Introduction: This document provides introductory end to end walkthrough of a model training, predicting using both batch and online prediction using Google Cloud ML engine. It will be clear after this walk through how to do the following:

· Create a TensorFlow training application and validate it locally

· Run training job in cloud ML engine of a single instance — BASIC

· Use tensorboard web UI to visualize model metrics

· Run same training job in distributed machines for scale.

· Deploy model in the production setting

· Request online prediction and see the response

· Request a batch prediction

Before that a brief overview of ML engine in GCP. It is a fully managed service from Google Cloud to let machine learning engineers focus on model development rather than the complexity of infrastructure and configurations. It lets seamless operations for model training and prediction at the most cost-effective way using Google’s cloud scalable and highly available infrastructure. It supports TensorFlow models but soon scikit-learn, xgboost, keras models will be supported.

Cost: in case you would like to experiment with this on your own. You need to create a google cloud account using your Gmail ID and billing details need to be filled in using a valid credit card. But don’t worry GCP provides $300 free credit upon sign-up which is good enough to use for this experiment and many other experiments like this. Here are details of how to set up a GCP account https://cloud.google.com/billing/docs/how-to/manage-billing-account

Experiment:

Let’s get started with getting a prebuilt model from cloud machine learning samples by google and start training and predicting. We will run the whole operation using google cloud shell but as required we will go to console to review results of our actions in shell. But you can also choose to do it in your laptop if you install Google Cloud SDK. Here is the instruction to get started using Google Cloud SDK https://cloud.google.com/sdk/docs/.

Note, this type of tutorial is best done through video where all the actions can be seen but I have chosen to write as I feel comfortable writing than creating a video. So if video tutorial your thing then definitely go to youtube and there are numerous tutorials like this from GCP team and others. But I will post screenshots as much as possible to show the commands and results here.

Project:

In Google cloud resource management and billing are managed through a project, hence first thing you need to do to create a project in google. The project ID and project number is unique and you can choose a project name.

Training:

Once you login to google console opens a cloud shell as shown in here. In the console home page, you will see a symbol like “>_” click it and a shell window will open.

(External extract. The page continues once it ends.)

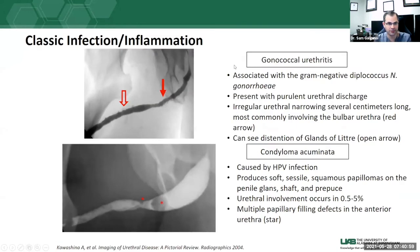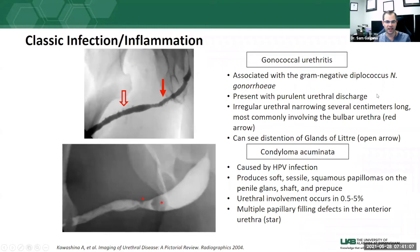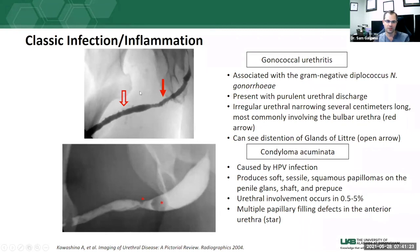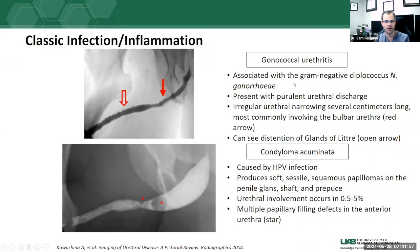Other classic infectious or inflammatory urethral conditions: gonococcal urethritis, associated with gonorrhea, typically presents with purulent urethral discharge and shows irregular urethral narrowing several centimeters long. Notably, prominent glands of Littré on urethrogram are a red flag for gonococcal infection — it is nonspecific but should raise suspicion. Labs, urinalysis, and swabs can confirm gonorrhea. If you see a lot of glands of Littré, consider gonococcal urethritis.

In the shell prompt set your project so that all operations are done using your project.

$gcloud config set project [selected-project-id] #replace with your project name.

Here is my command and output:

$gcloud config set project skilled-circle-191220

Updated property [core/project].

Check if there is any model already exists.

$gcloud ml-engine models list

My output will show models that I already created. In case your first model it will show nothing.

Run this command to update necessary installations

$gcloud components update

Run install/upgrade tensorflow

$pip install --user --upgrade tensorflow

Check installations:

$python

import tensorflow as tf

hello = tf.constant(“Hello Tensorflow!”)

sess = tf.Session()

print(sess.run(hello))

#It should print “Hello Tensorflow”.

exit()

At this point, we are good to start. We need a model to train, simply download a model from google cloud sample models from their GitHub by running this command at the cloud shell.

$wget https://github.com/GoogleCloudPlatform/cloudml-samples/archive/master.zip

$unzip master.zip

Navigate to the estimator model directory under census.

$cd

$cd ~/cloudml-samples-master/census/estimator/

Get the training and evaluation data from google’s provided public GCS bucket

$mkdir data

Copy the training and evaluation data from google cloud public bucket

$gsutil -m cp gs://cloud-samples-data/ml-engine/census/data/* data/

Set the training data and evaluation data path variable.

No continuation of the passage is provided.